The 1- and 2-connected cubic well-covered graphs are all formed by replacing the nodes of a path or cycle by three fragments of graphs which Plummer (1993) labels A, B, and C. Fragments A or B may be used to replace the nodes of a cycle or the interior nodes of a path, while fragment C is used to replace the two end nodes of a path. Fragment A contains a bridge, so the result of performing this replacement process on a path and using fragment A to replace some of the path nodes (and the other two fragments for the remaining nodes) is a 1-vertex-connected cubic well-covered graph. All 1-vertex-connected cubic well-covered graphs have this form, and all such graphs are planar.

There are two types of 2-vertex-connected cubic well-covered graphs. One of these two families is formed by replacing the nodes of a cycle by fragments A and B, with at least two of the fragments being of type A; a graph of this type is planar if and only if it does not contain any fragments of type B. The other family is formed by replacing the nodes of a path by fragments of type B and C; all such graphs are planar.

Complementing the characterization of well-covered simple polyhedra in three dimensions, researchers have also considered the well-covered simplicial polyhedra, or equivalently the well-covered maximal planar graphs. Every maximal planar graph with five or more vertices has vertex connectivity 3, 4, or 5. There are no well-covered 5-connected maximal planar graphs, and there are only four 4-connected well-covered maximal planar graphs: the graphs of the regular octahedron, the pentagonal dipyramid, the snub disphenoid, and an irregular polyhedron (a nonconvex deltahedron) with 12 vertices, 30 edges, and 20 triangular faces. However, there are infinitely many 3-connected well-covered maximal planar graphs. For instance, if a 3t-vertex maximal planar graph has t disjoint triangle faces, then these faces will form a clique cover. Therefore, the clique cover construction, which for these graphs consists of subdividing each of these t triangles into three new triangles meeting at a central vertex, produces a well-covered maximal planar graph.

==Complexity==
Testing whether a graph contains two maximal independent sets of different sizes is NP-complete; that is, complementarily, testing whether a graph is well-covered is coNP-complete. Although it is easy to find maximum independent sets in graphs that are known to be well-covered, it is also NP-hard for an algorithm to produce as output, on all graphs, either a maximum independent set or a guarantee that the input is not well-covered.

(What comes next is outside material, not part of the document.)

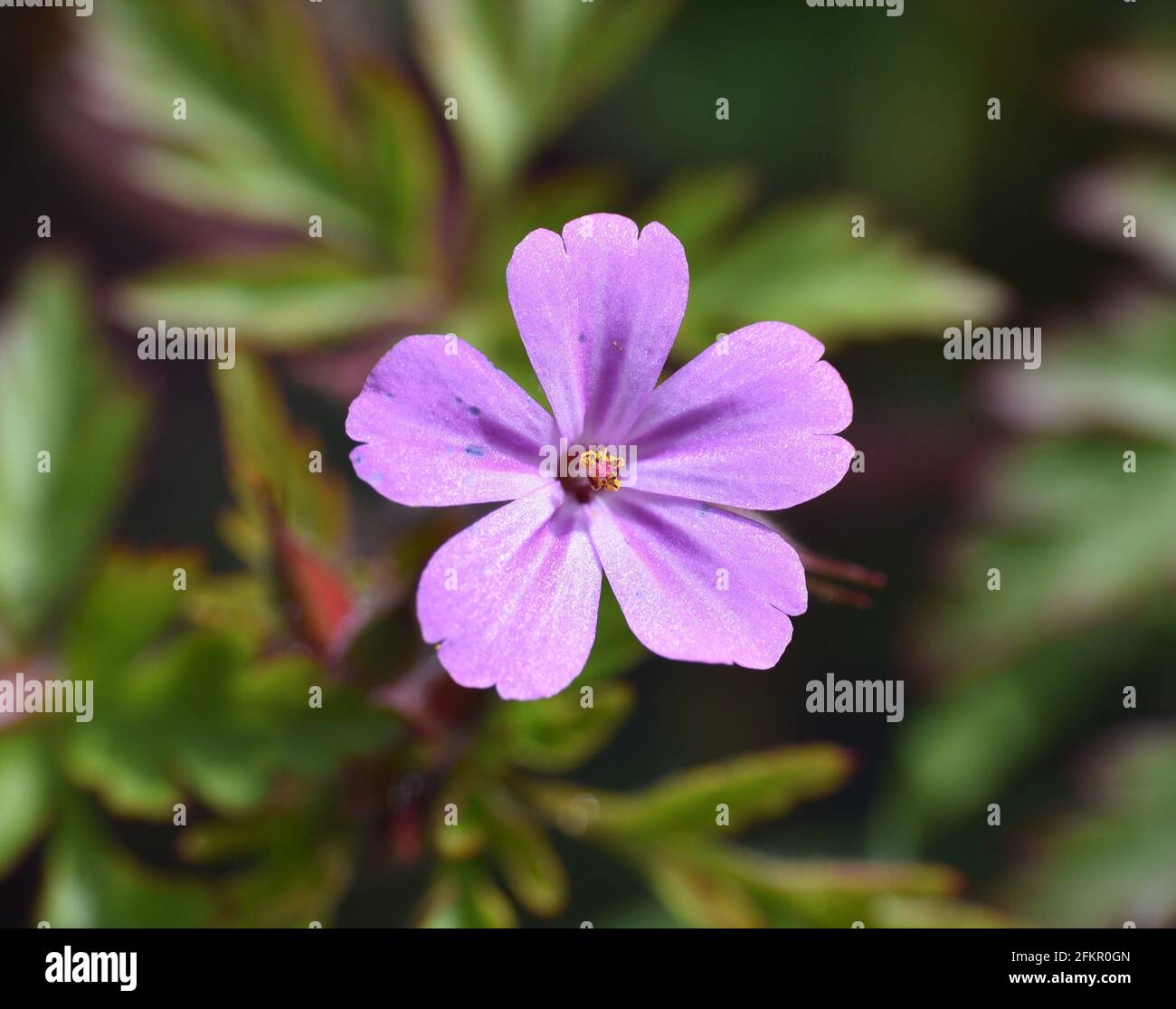 Photo macro de la fleur de Geranium robertianum. Avec pétales roses et violets. Journée ensoleillée à Munilla, la Rioja, Espagne. Banque D'Images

In contrast, it is possible to test whether a given graph G is very well covered in polynomial time. To do so, find the subgraph H of G consisting of the edges that satisfy the two properties of a matched edge in a very well covered graph, and then use a matching algorithm to test whether H has a perfect matching. Some problems that are NP-complete for arbitrary graphs, such as the problem of finding a Hamiltonian cycle, may also be solved in polynomial time for very well covered graphs.

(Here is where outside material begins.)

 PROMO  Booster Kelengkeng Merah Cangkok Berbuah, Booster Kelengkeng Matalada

A graph is said to be equimatchable if every maximal matching is maximum; that is, it is equimatchable if its line graph is well-covered. More strongly it is called randomly matchable if every maximal matching is a perfect matching. The only connected randomly matchable graphs are the complete graphs and the balanced complete bipartite graphs. It is possible to test whether a line graph, or more generally a claw-free graph, is well-covered in polynomial time.

The characterizations of well-covered graphs with girth five or more, and of well-covered graphs that are 3-regular, also lead to efficient polynomial time algorithms to recognize these graphs.